The conversion from one chair shape to the other is called ring flipping or chair-flipping. Carbon-hydrogen bonds that are axial in one configuration become equatorial in the other, and vice-versa; but their "up" or "down" character remains the same.

In cyclohexane, the two chair conformations have the same energy. At 25°C, 99.99% of all molecules in a cyclohexane solution will be in a chair conformation.

In cyclohexane derivatives, the two chair conformations may have different energies, depending upon the identity and location of the substituents. For example, in methylcyclohexane the lowest energy conformation is a chair one where the methyl group is in equatorial position. This configuration reduces interaction between the methyl group (on carbon number 1) and the hydrogens at carbons 3 and 5; more importantly, it avoids two gauche butane interactions (of the C1-CH₃ bond with the C2-C3 and C5-C6 ring bonds). Similarly, cis-1,3-dimethylcyclohexane usually has both methyls in the equatorial position so as to avoid interaction between them. In six-membered heterocycles such as pyran, a substituent next to an heteroatom may prefer the axial position due to the anomeric effect.

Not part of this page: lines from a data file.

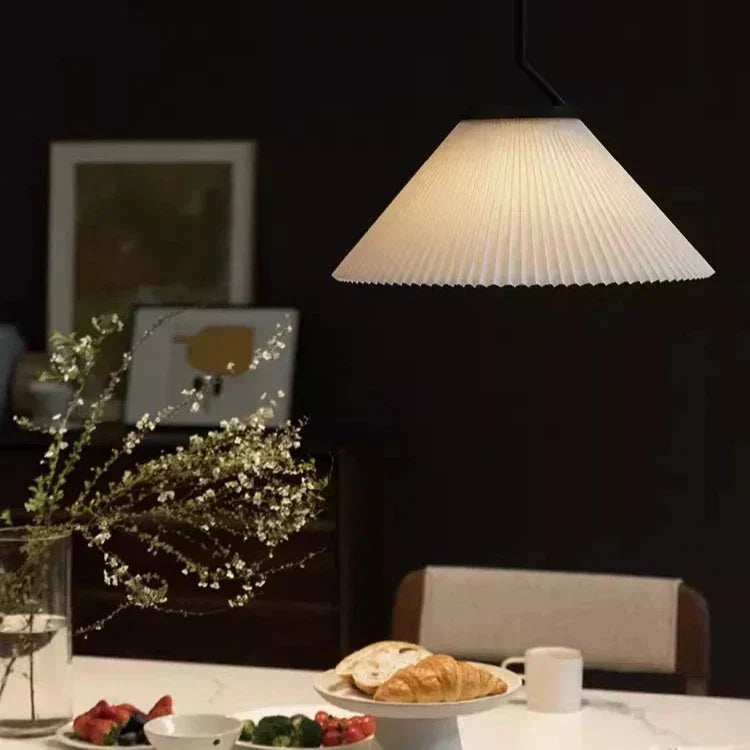 Creamy Fabric Shade Pendant Ceiling Light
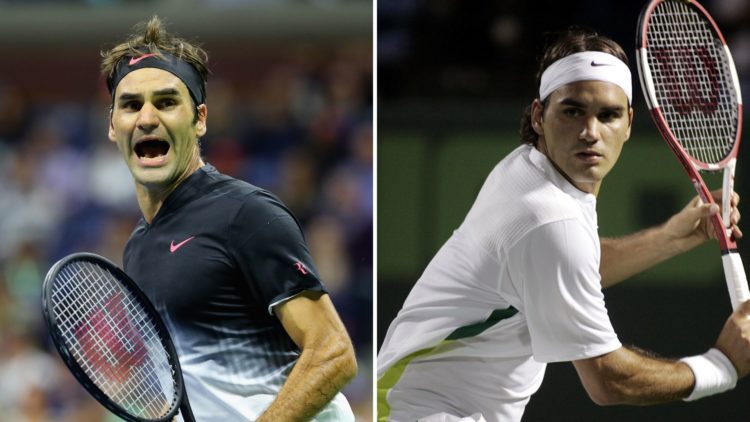 Roger Federer of Switzerland in action vs. James Blake of the United States during the Nasdaq-100 Open at the Tennis Center, and Roger Federer of S...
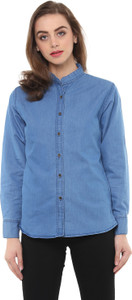 Mayra Women's Solid Casual Denim Blue Shirt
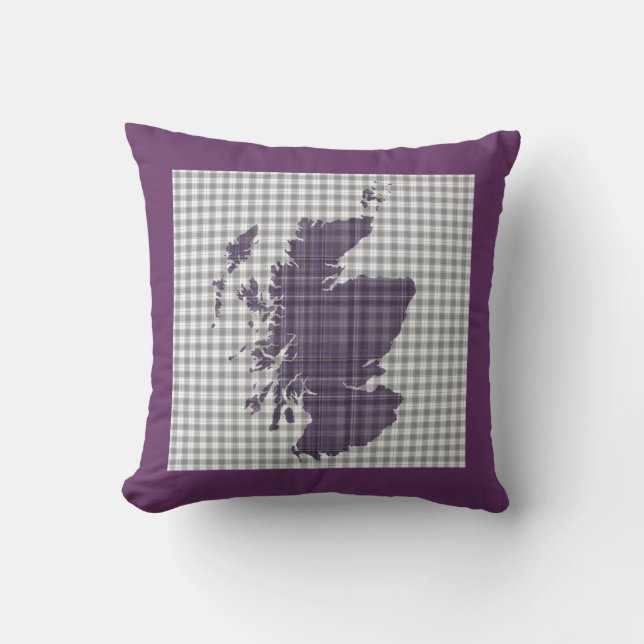 Lila Tartan-Karte von Schottland-Kissen Kissen (Vorderseite)
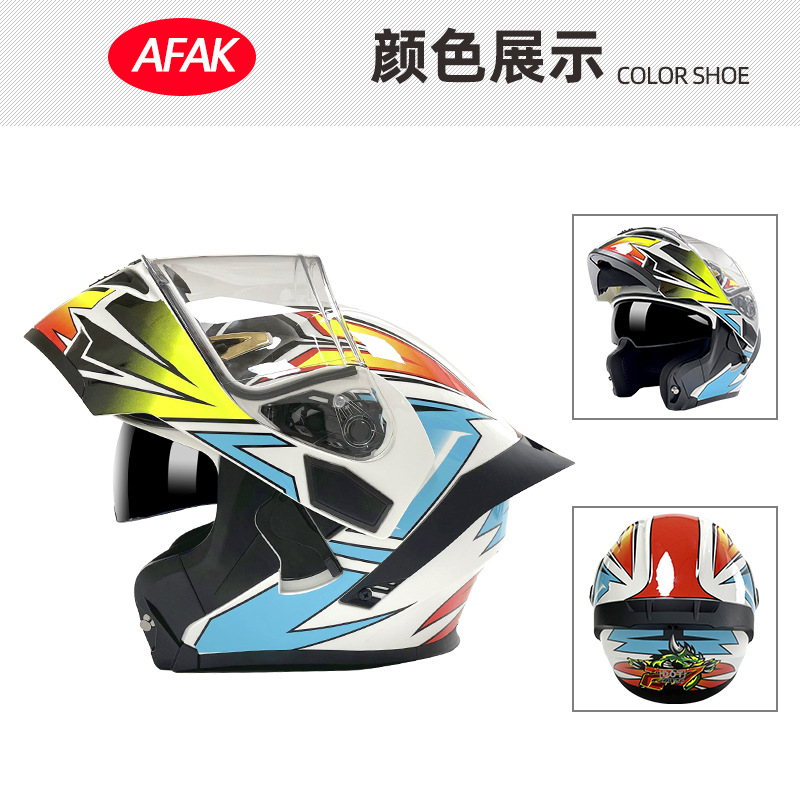 Casco de motocicleta abatible certificado 3C/DOT para hombres y mujeres, modelo de cuatro estaciones con doble visera y gran alerón trasero, fabricante de cascos de motocicleta integrales.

The preference of a substituent towards the equatorial conformation is measured in terms of its A value, which is the Gibbs free energy difference between the two chair conformations, with the substituent in equatorial or in axial position. A positive A value indicates preference towards the equatorial position. The magnitude of the A values ranges from nearly zero for very small substituents such as deuterium, to about 5 kcal/mol for very bulky substituents such as the tert-butyl group.